Becoming more aggressive, Kenin broke Muguruza’s serve to go ahead 3-1. After she cracked successive forehand and backhand winners to stretch the lead to 5-2, the feisty Floridian spiked the ball and strutted to her chair a la Jimmy Connors. Kenin spiked the ball again after holding serve for 1-0 in the deciding set. The gesture may not endear her to some opponents or fans, but, like Connors, she likely doesn’t care.
Serving at two-all, love-40 in the deciding set, Kenin faced three break points. In a stunning turnaround, she blasted five straight winners — two forehands, two backhands and an ace — to escape and hold serve for 3-2. “Champions raise their level when their backs are against the wall,” said Evert, “and that’s what Kenin did.” The American called the pivotal sequence the “five best shots of my life.”
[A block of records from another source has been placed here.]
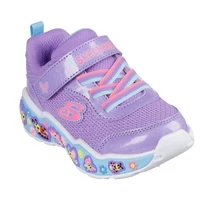 Skechers lány zárt cipő - Fun Squad - 303158N/PRMT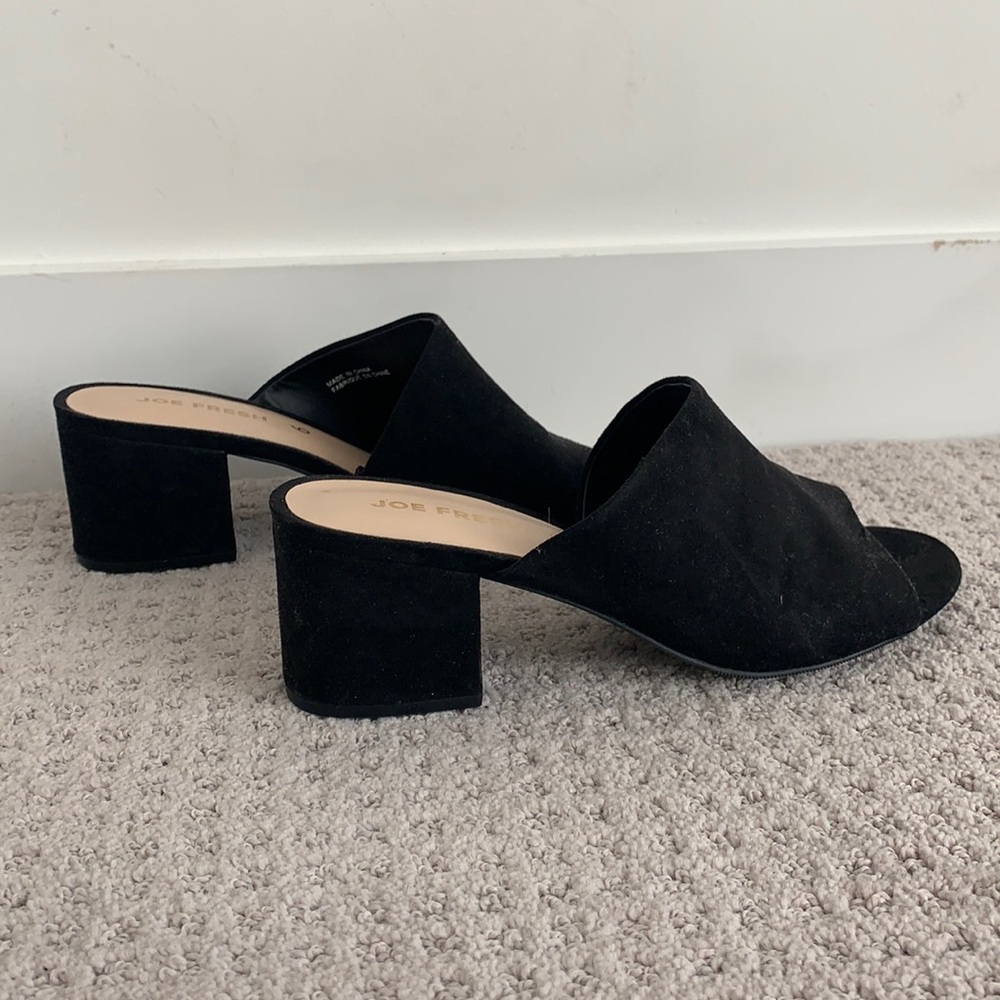 Joe Fresh Suede Heels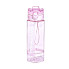 Пляшка для води 760 мл з трубочкою та наліпками рожева (LG-2394098916)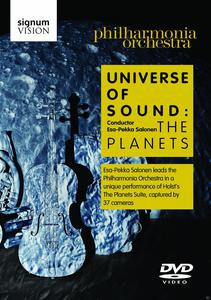 The Philharmonia Orchestra - Planets Of (DVD) - Universe Sound: The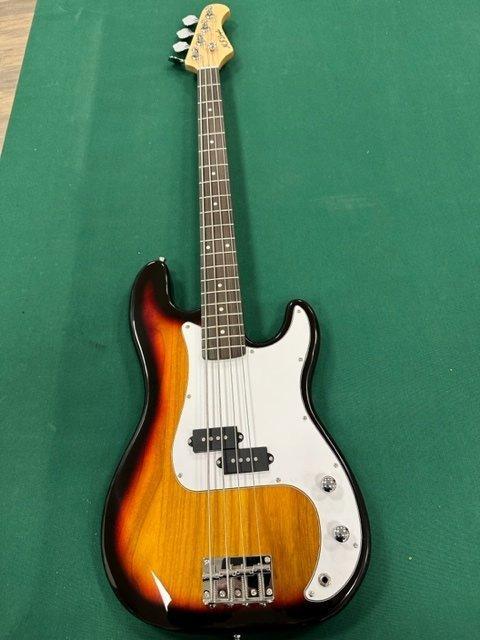 M.J.DOUGLAS - PB-Q02-4s sb - - Guitare basse électrique à 4, Muziek en Instrumenten, Snaarinstrumenten | Gitaren | Akoestisch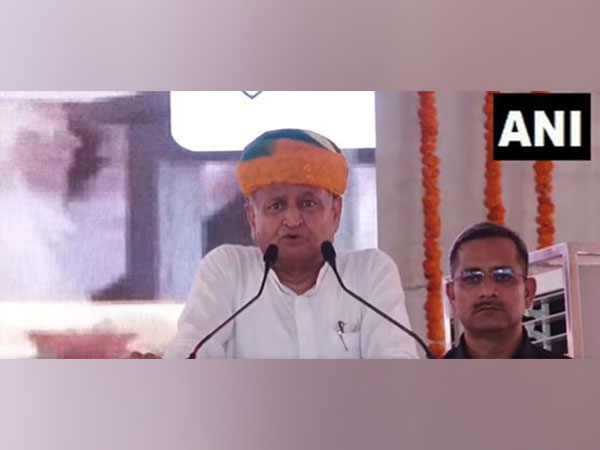 Rajasthan Chief Minister Ashok Gehlot (Photo/ANI)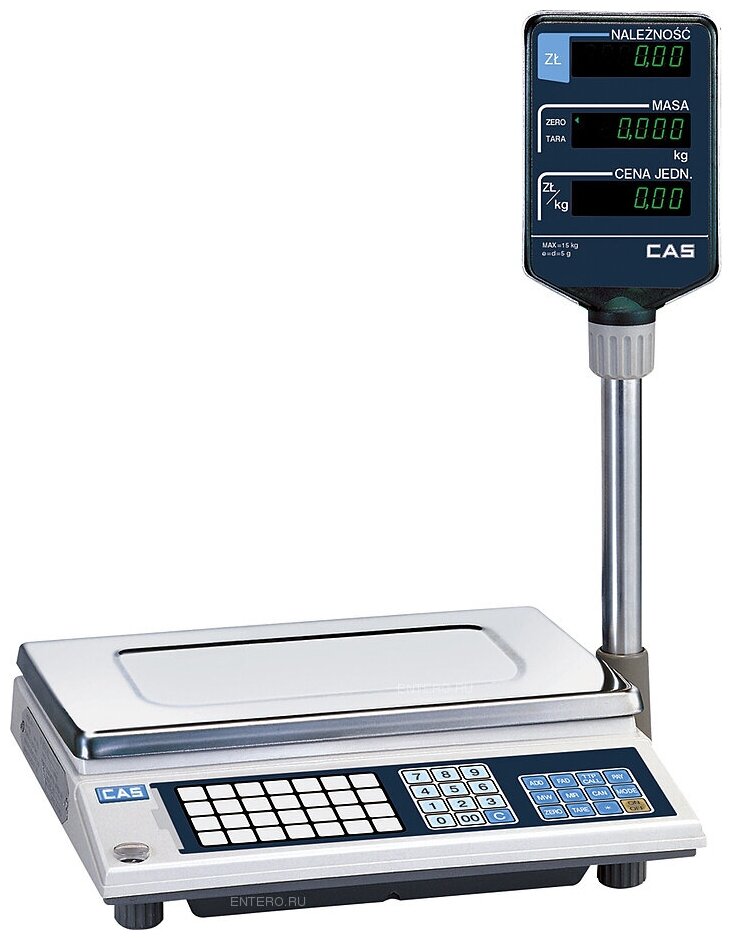 Торговые весы CAS AP-15EX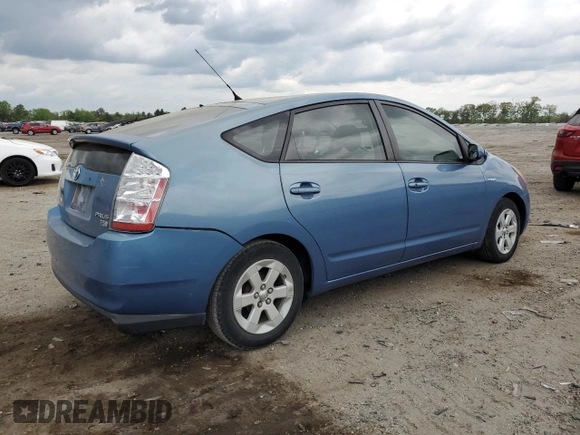 2007 Toyota Prius with VIN JTDKB20U577612441, listed as a Copart auction lot 54551315 with 185,562 mi miles and Salvage Title. Bid and sale history available at DreamBid. Image 3.
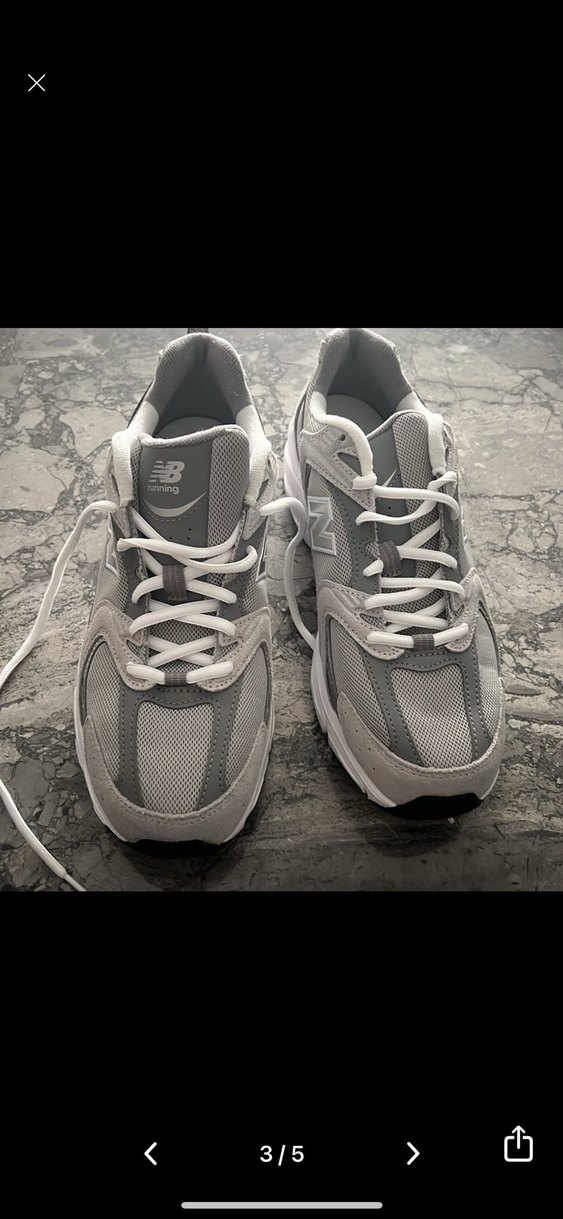 Gri New Balance 530 Spor Ayakkabı erkek - Görsel 3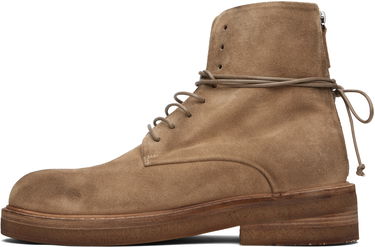Облекло Marsèll Marsèll Parrucca Suede Combat Boots Кафяво | MM2961 P024310, 2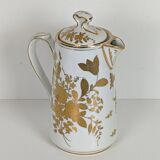 Porcelain coffee pot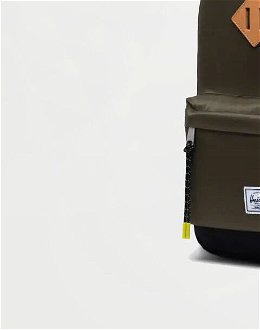 Herschel Supply Heritage Shoulder Bag Ivy Green/Light Pelican 8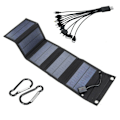 Miniatyrbild 3 av 10: 70W USB Vikbar Solpanel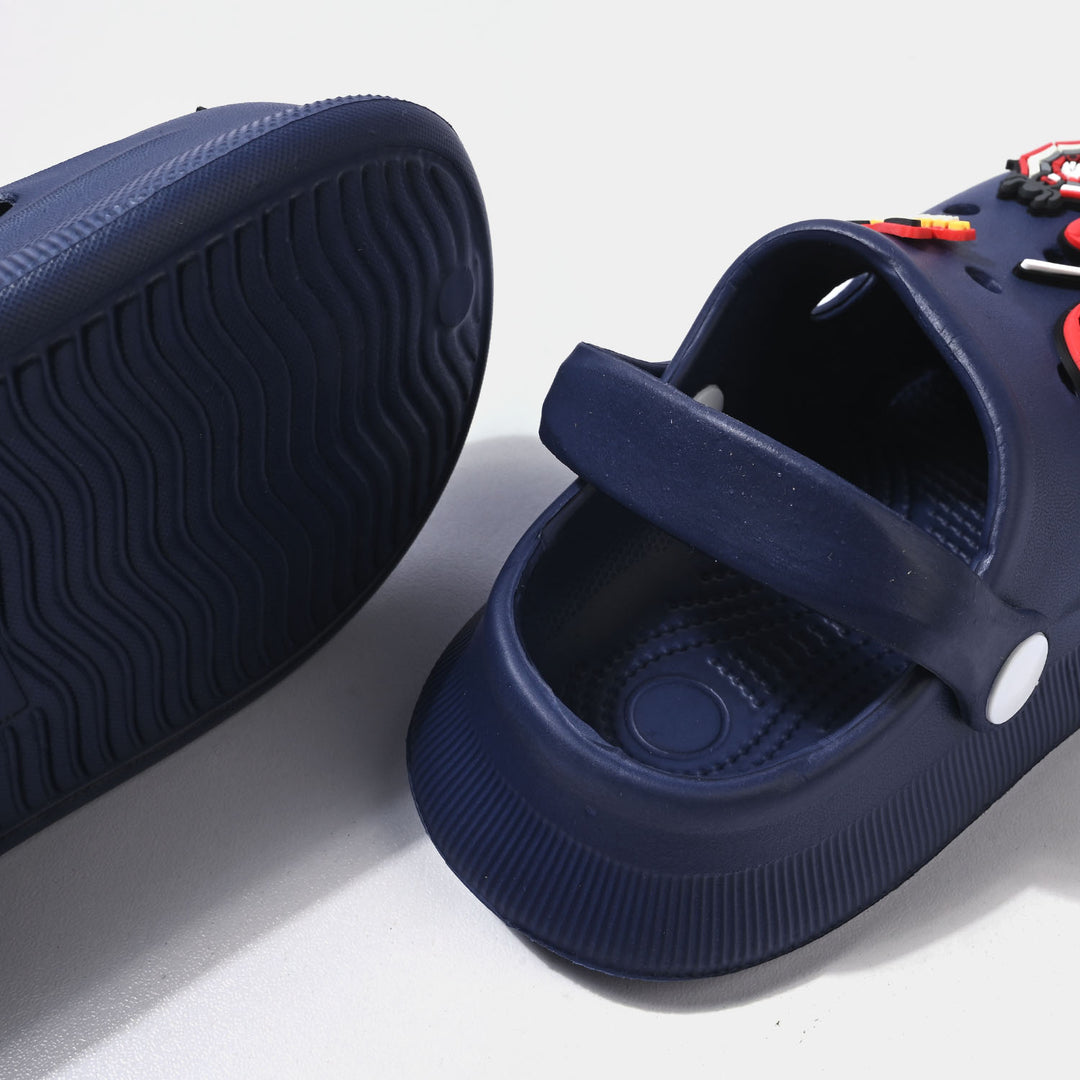 Boys Clogs 3501-NAVY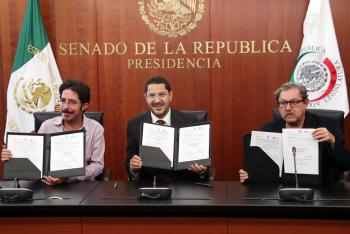 Firman convenio de colaboración para editar libros históricos a precios bajos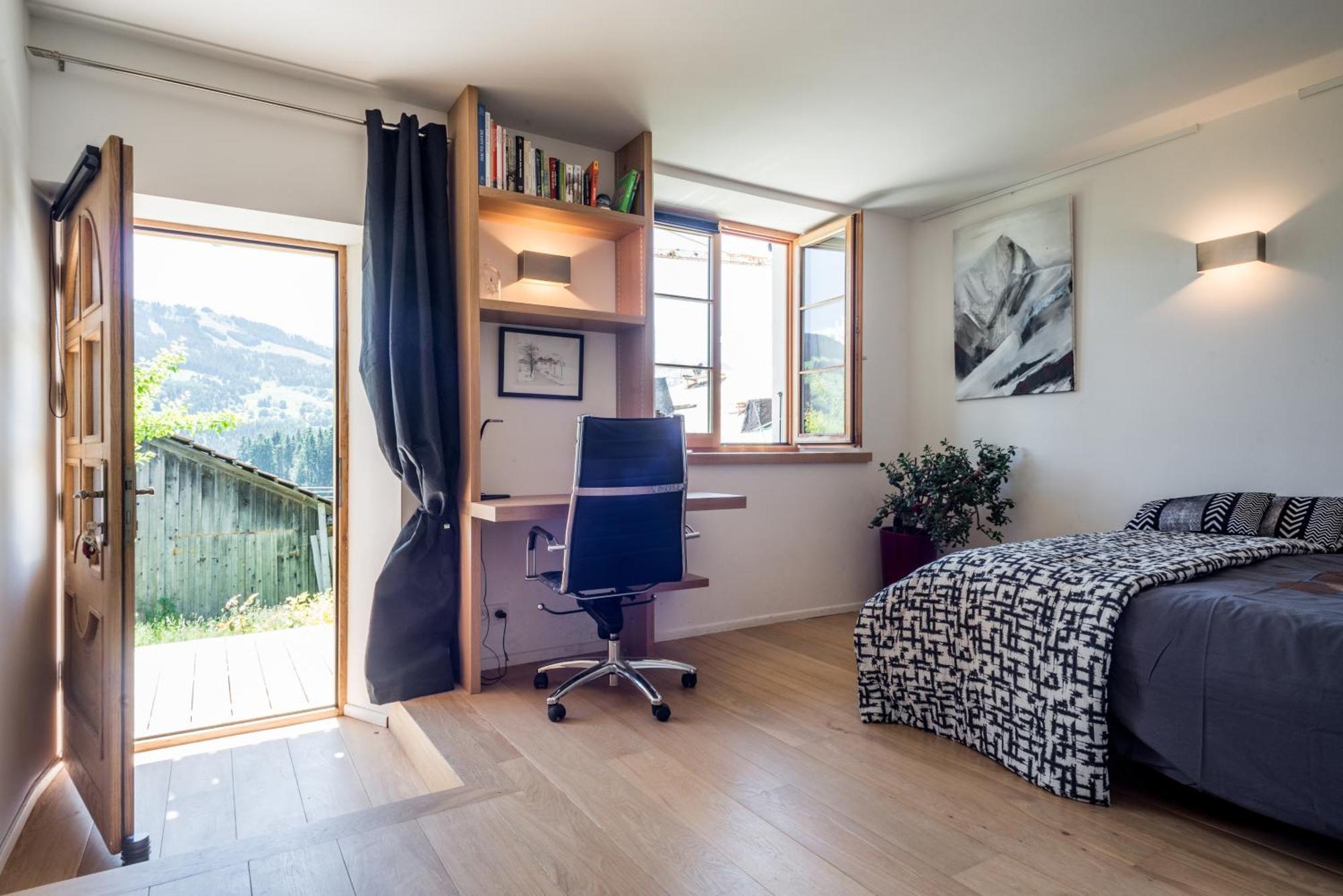 Chalet A Megeve-Vauvray - Grands Appartements , Vue Mont Blanc Demi-Quartier Bagian luar foto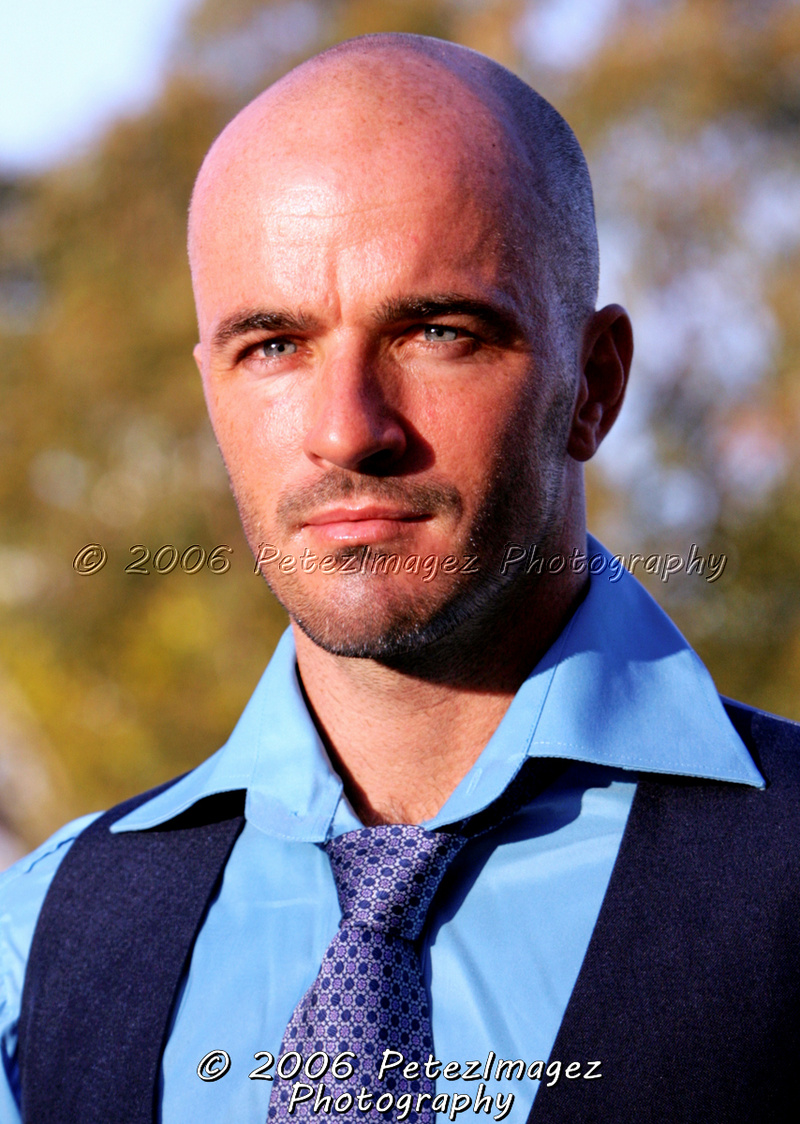 Male model photo shoot of PetezImagez Photography in The Basement, Sydney, Australia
A game after the upstart thrived on pressure, the veteran buckled under it. Muguruza missed a routine approach shot and then double-faulted to fall behind 4-2. Nerves did her in again in the final game as she double faulted three times, the last coming on championship point.
Game, set and title, 4-6, 6-2, 6-2, for Kenin. The first major champion of the new decade is a new star.
“She proved to us that she can play very well,” the gracious Muguruza told the crowd. “And play very well in the important moments, which is a different story. I think it’s even more special.”
In her victory speech, Kenin, the youngest American Grand Slam champion since Serena Williams in 2002, said, “My dream has officially come true. If you have a dream, go for it.”